Challenges: This was a cavernous room that needed to be completely overhauled, except for the existing shades. The goals were to stay close to the $20,000 budget, offer good places to sit and read, have enough storage, and produce clean-lined space without being overly trendy.
Advantages: The clients were willing to increase the budget to get the desired look, including spending more on built-in storage for clothing and a TV.
Solutions: The designers painted an accent wall behind the bed black for drama and to bring down the high ceiling. They found quality window treatments with sequins for added pizzazz and used different gray paint shades for the three other walls, ceiling, and trim for a more interesting look. Different pillows were brought in for a seasonal change of colors and patterns. Because the husband swims, the designers upholstered a bench in a practical marine vinyl so he can sit and put on or take off shoes without causing damage.
Tip: Decorate in stages if need be. Because the clients weren’t sure about the black hue, the designers offered to repaint the wall if they didn’t like it.
How Much: $27,255
Designer: Lynne Lawson and Laura Gonzalez, Columbia, Md.
Challenges: This was an odd-shaped room with an assortment of disparate furnishings.
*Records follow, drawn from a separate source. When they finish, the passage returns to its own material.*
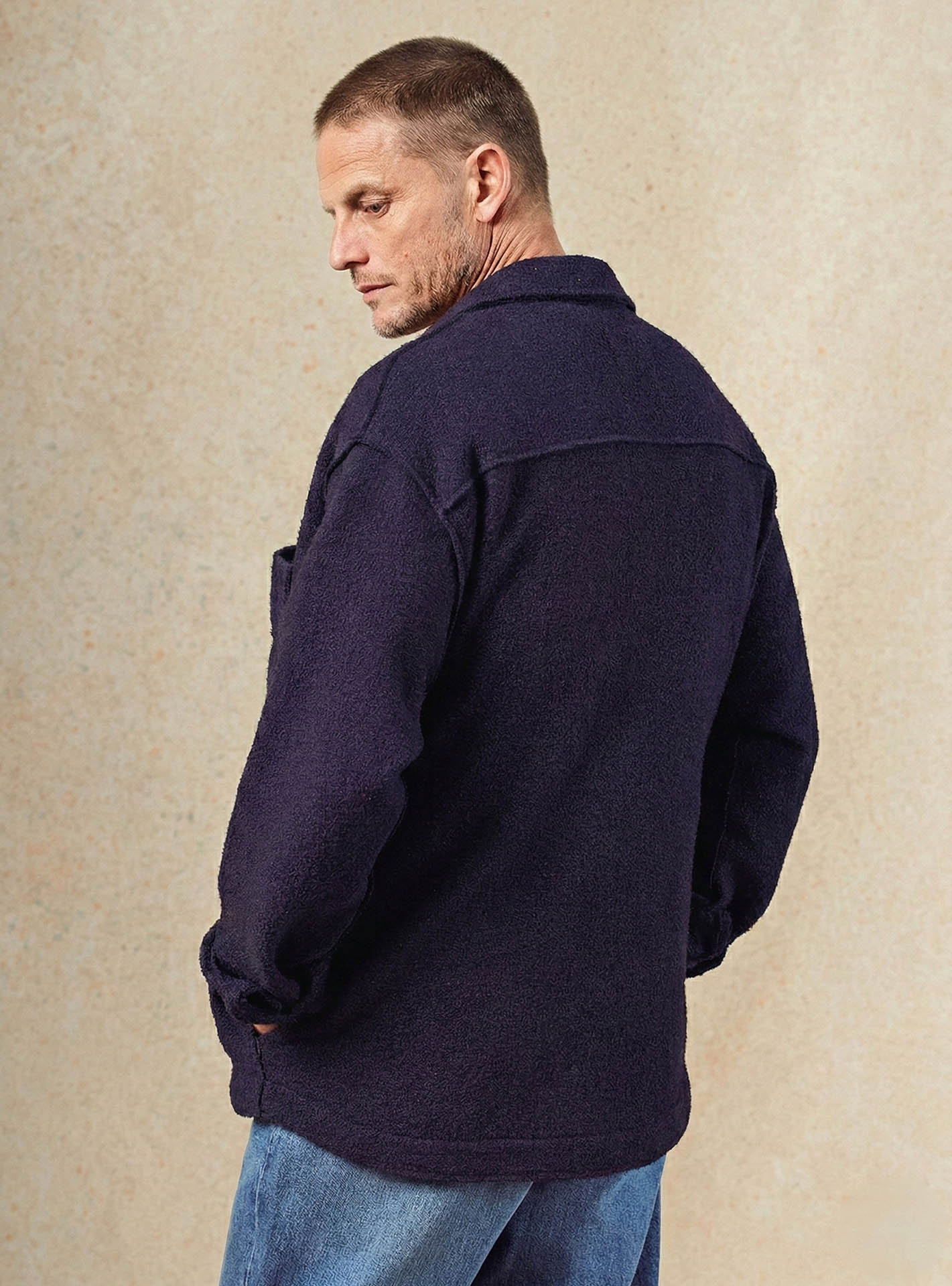 Blouson Iena Navy - blouson pour homme 100% laine bleu marine boutonné - plan de dos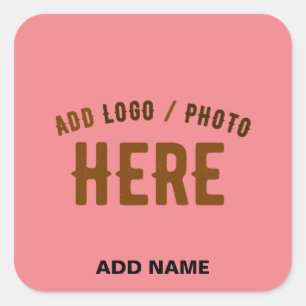 STIJLVOLLE MODERNE AANGEPASTE ZALM ROZE GEVERIFIEE VIERKANTE STICKER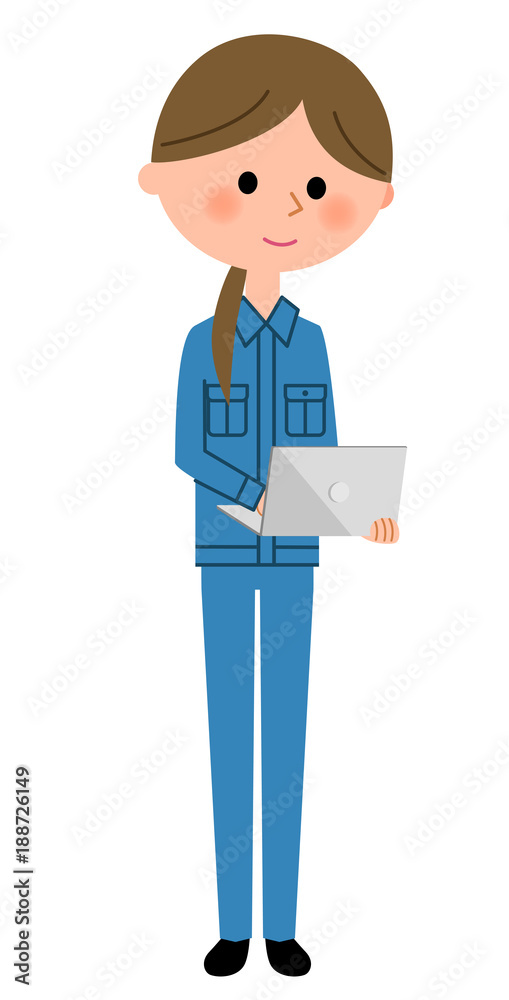 作業服の女性 ノートPC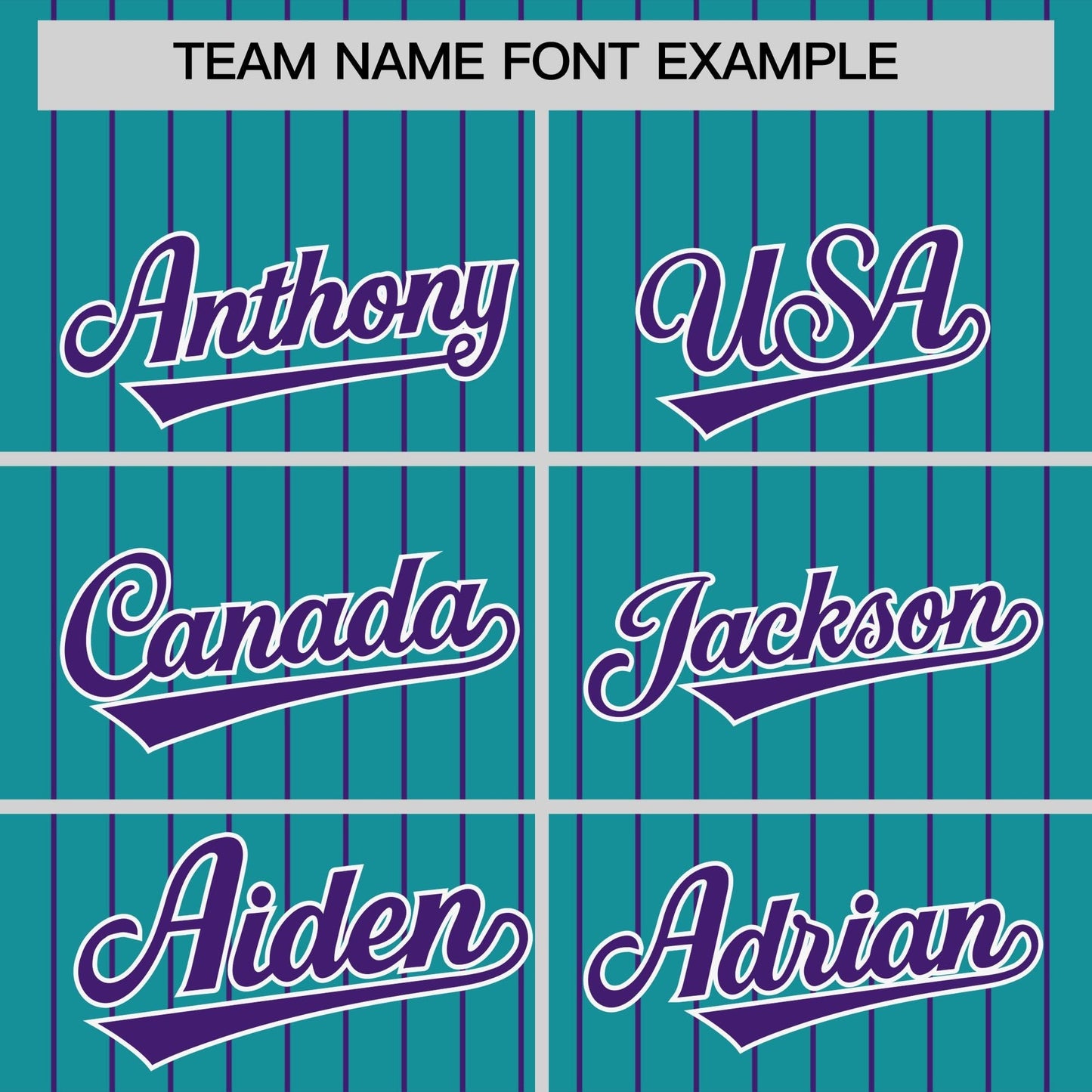 Custom Teal Purple Pinstripe Personalized Two-Tone Authentic Baseball Jersey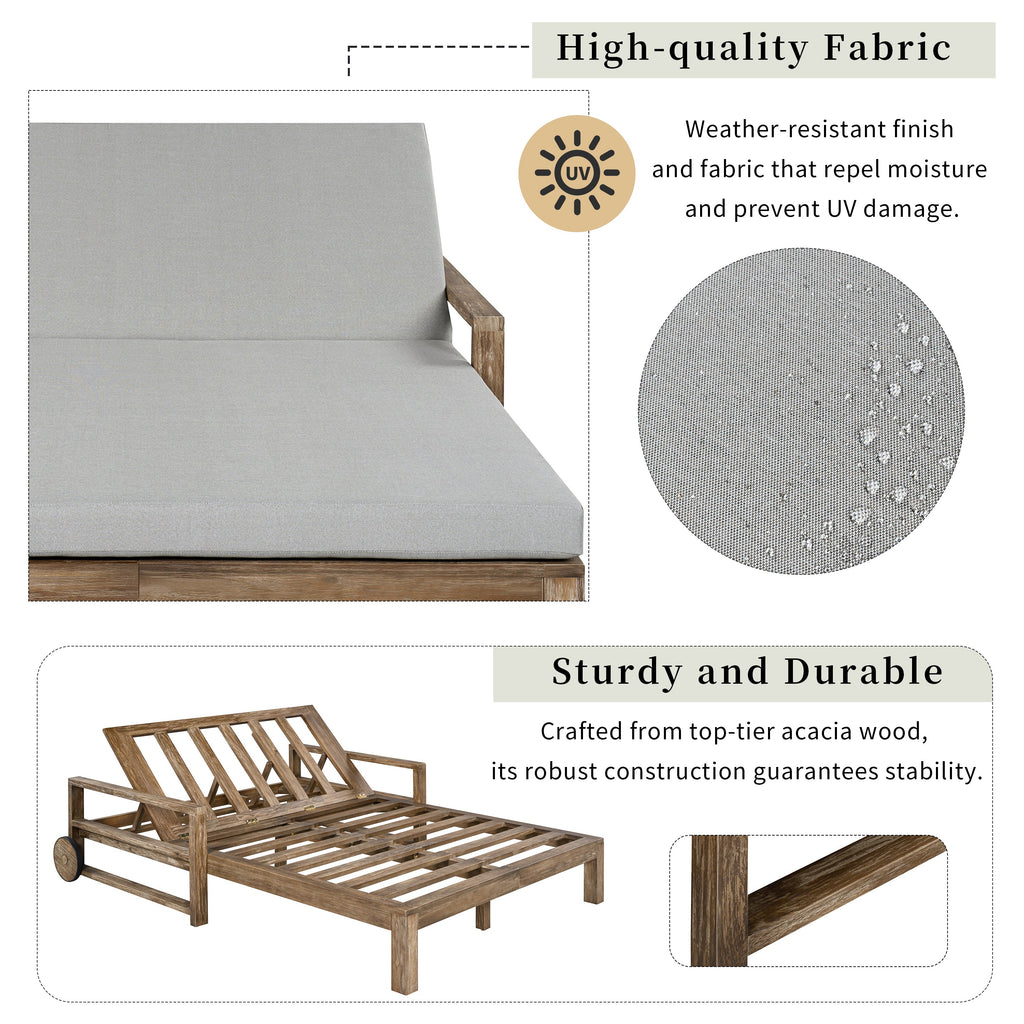 Outdoor Daybed Acacia Wood Farmhouse Gray with Wheels 2 Person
The room lacked a sense of purpose.
Advantages: The room already contained a fireplace and a bar.
Solutions: Designers developed an “urban lounge” aesthetic, grouping dark furniture in three areas. They paired “mood” lighting, existing artwork, patterns, and a few sparks of red.
Tip: Develop a vision or theme for a room, which will help narrow design choices.
How Much: $9,400
Designer: Sarah Hermans, Philadelphia
Challenge: The house had to be “resale ready,” so designers were asked to make the 12-foot-square balcony of this show house look homey at a modest cost with no extreme color choices or remodeling changes.
Advantage: The balcony was already a nice size, with ample room for seating and tables.
Solutions: Designed with English country house ambiance and a touch of France in mind, this balcony would give home owners a place for morning coffee or an after-work glass of wine.Designers painted the rubber floor in a white and khaki checkerboard pattern that runs diagonally to expand the feeling of space. They borrowed Summer Classics patio furniture in a resin that resembles more expensive wrought iron, using colorful fabrics for pop. They kept woodwork a fresh white and used lively gold-colored curtains and cushions for drama and a touch of the indoors.
Tip: Splurge on seating and cut back on curtains and pillows. Include enough seating so an area can be used, rather than just looked at.